**** Records to use ****

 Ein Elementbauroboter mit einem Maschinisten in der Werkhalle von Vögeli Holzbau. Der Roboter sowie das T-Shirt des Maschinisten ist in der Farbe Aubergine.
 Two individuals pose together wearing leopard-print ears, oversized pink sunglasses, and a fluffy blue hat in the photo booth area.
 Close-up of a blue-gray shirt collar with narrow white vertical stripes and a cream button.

****
**** Records to use ****

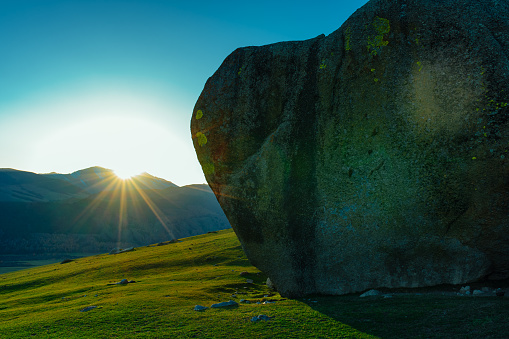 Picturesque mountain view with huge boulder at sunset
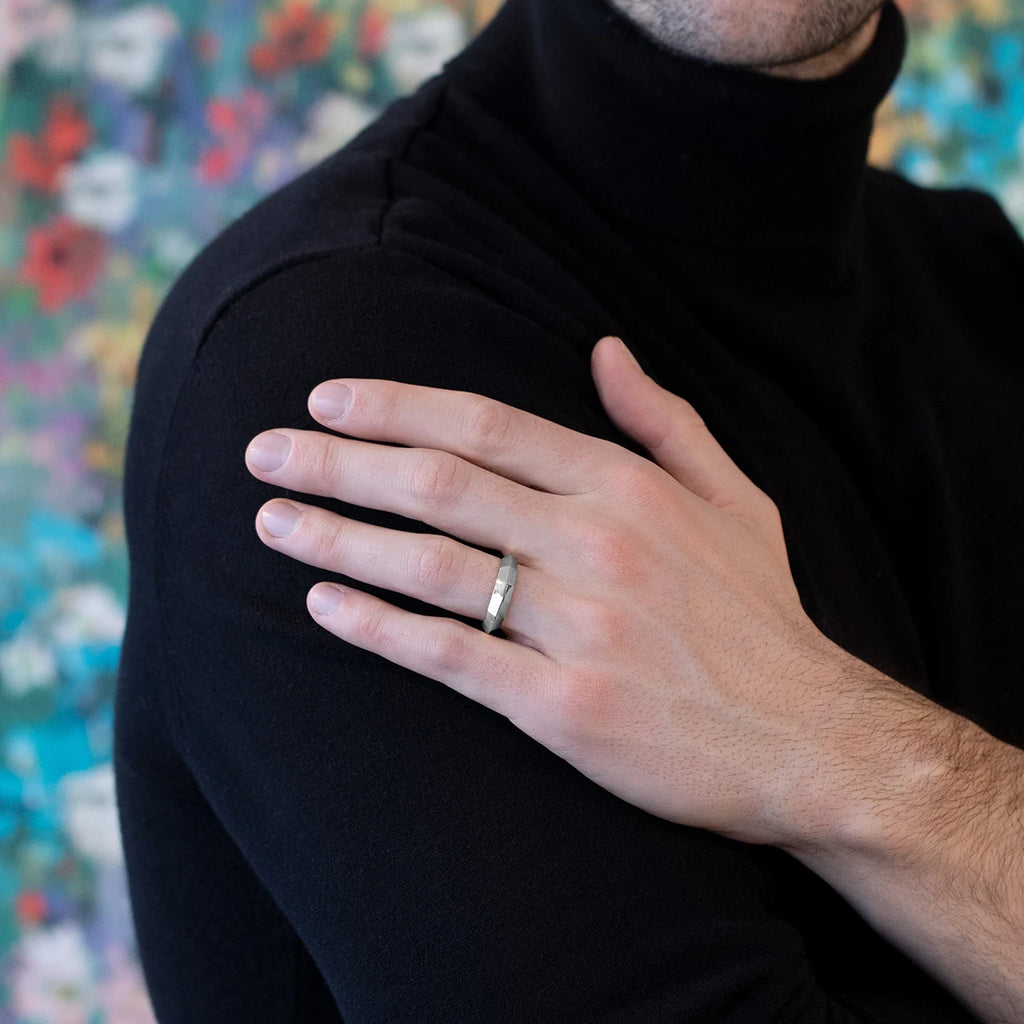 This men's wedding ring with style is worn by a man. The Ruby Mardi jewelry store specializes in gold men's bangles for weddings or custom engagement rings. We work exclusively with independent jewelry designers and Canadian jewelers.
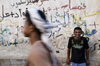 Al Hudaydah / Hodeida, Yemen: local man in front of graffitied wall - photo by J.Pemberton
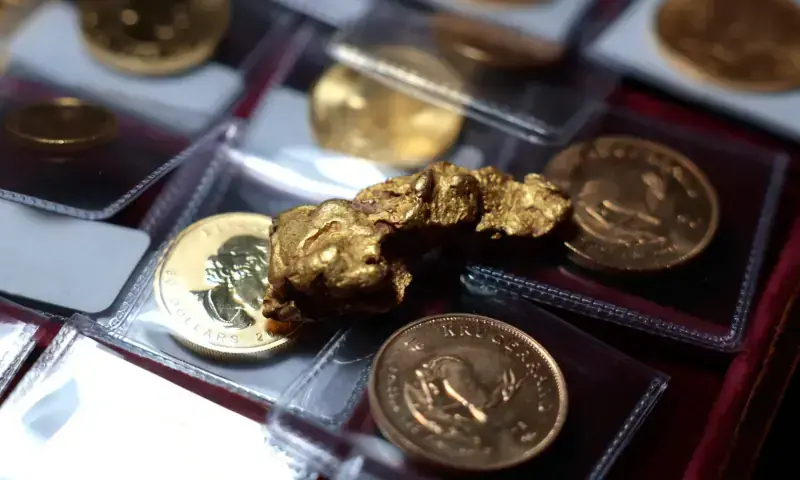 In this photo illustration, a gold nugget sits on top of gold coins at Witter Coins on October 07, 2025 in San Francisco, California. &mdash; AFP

****

* **Assigned task**:
Within the material above, output exactly the lines from the one with "Ein Elementbauroboter mit" through the one with "Close-up of a", end lines included, and nothing besides.

* **Completed task**:
 Ein Elementbauroboter mit einem Maschinisten in der Werkhalle von Vögeli Holzbau. Der Roboter sowie das T-Shirt des Maschinisten ist in der Farbe Aubergine.
 Two individuals pose together wearing leopard-print ears, oversized pink sunglasses, and a fluffy blue hat in the photo booth area.
 Close-up of a blue-gray shirt collar with narrow white vertical stripes and a cream button.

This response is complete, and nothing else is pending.